Saturday, January 26, 2013

Confidence and the Writer

One of my writing groups has a number of truly prolific and successful folks in it.  I was talking about this in my other writing group and someone asked, "Why do you think they're able to finish so much in such a  short time?"  It was a great question.  I had to think about it for a minute or two.  There was one person in particular I was thinking of.  When I thought about her, the word that came to mind was "confidence."  An enviable, and not inappropriate, healthy and powerful confidence in herself and in her writing that allows her to barrel ahead with fully realized worlds and adventures.

Now I'm hitting a snarled nest of a mess in the middle (of course!) of the magical realism nightmare I'm working on.  And it occurred to me that part of my problem is a lack of that confidence.  I second guess and second guess about where certain scenes should go and whether certain elements work or make sense or should it go here instead and before I know it, I've psyched myself out.  I lack confidence.

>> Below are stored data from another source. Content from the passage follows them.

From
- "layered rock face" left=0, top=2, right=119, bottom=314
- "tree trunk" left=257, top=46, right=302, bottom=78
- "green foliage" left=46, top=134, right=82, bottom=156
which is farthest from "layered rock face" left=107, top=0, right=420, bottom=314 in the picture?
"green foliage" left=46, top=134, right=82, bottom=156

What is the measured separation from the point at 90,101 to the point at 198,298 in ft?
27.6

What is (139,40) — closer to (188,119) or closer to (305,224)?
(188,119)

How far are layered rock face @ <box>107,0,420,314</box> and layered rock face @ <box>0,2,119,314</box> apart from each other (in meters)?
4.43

As writers, we should have a healthy capacity to reflect on our work, to look for ways to improve it.  We should be open to criticism.  We must be willing to revise, again and again.  And yet, that very willingness to revise can turn on us and render us and our work mediocre, wishy-washy, hesitant, unfocused, lacking in voice or style or originality.    

There is a fine line, of course, between confidence and arrogance.  Some writers believe their work is inherently the greatest literary achievement since Shakespeare, whether it's any good or not.  You hear agents talk about this all the time, the queries that declare how great they are in such hyperbolic terms that it's an insult by implication to every other writer.  

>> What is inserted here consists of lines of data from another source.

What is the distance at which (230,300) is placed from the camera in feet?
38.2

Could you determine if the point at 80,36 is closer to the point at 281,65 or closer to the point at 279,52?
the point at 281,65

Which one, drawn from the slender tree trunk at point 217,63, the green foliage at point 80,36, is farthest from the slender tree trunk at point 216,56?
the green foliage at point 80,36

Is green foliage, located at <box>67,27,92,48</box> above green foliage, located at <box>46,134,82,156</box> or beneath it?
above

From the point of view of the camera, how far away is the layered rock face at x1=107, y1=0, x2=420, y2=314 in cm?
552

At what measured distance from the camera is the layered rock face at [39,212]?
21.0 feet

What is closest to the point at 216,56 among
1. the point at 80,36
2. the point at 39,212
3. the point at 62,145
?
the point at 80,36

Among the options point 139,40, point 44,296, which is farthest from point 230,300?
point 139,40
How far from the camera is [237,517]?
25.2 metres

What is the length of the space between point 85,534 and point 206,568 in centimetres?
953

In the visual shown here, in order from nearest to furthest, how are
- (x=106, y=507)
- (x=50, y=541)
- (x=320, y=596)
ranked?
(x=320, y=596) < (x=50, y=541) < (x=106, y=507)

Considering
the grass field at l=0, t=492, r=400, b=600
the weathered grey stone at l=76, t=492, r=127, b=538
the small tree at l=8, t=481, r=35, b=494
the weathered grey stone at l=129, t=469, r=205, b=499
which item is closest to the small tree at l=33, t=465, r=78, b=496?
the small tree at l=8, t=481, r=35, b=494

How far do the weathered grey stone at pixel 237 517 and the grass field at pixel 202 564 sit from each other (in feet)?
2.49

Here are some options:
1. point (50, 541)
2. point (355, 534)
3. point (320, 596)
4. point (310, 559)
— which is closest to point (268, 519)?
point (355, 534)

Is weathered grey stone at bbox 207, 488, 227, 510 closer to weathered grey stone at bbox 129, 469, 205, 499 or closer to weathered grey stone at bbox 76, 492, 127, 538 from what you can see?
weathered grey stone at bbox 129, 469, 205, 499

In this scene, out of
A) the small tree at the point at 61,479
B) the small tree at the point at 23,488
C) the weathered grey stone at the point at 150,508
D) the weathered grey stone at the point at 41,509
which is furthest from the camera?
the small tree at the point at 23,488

What gives some writers the kind of brash confidence that allows them to pitch flawlessly, to query with ferocity, to complete one draft after another without falling prey to the demons of self-doubt?  Maybe all writers are plagued by those demons, and some have a greater capacity and strength to withstand them.  Perhaps it is simply the personality we're given.  Maybe those of us who find confidence elusive manage to bring a vulnerability to our style instead.


So what does it mean to have confidence as a writer?  It means plowing ahead with a story wherever it may lead.  It means having faith in your own vision.  It means not only having the strength to hear, and accept criticism, but also to question it, interpret it and even refuse it.  It means decisiveness, forward momentum, stamina, completion.  

How does such confidence coexist with the capacity for honest, unflinching, realistic self-assessment?  Can it?



2 comments:

  1. Write in all your doubts along with your literary excellence. You can worry about removing what doesn't belong later.

    This is my biggest problem in moving forward. I question myself at a point and then I'm frozen with doubt.

    ReplyDelete
    Replies
    1. Good advice. "Write in all your doubts." I will have to sit with those words a bit. Theres meat in them.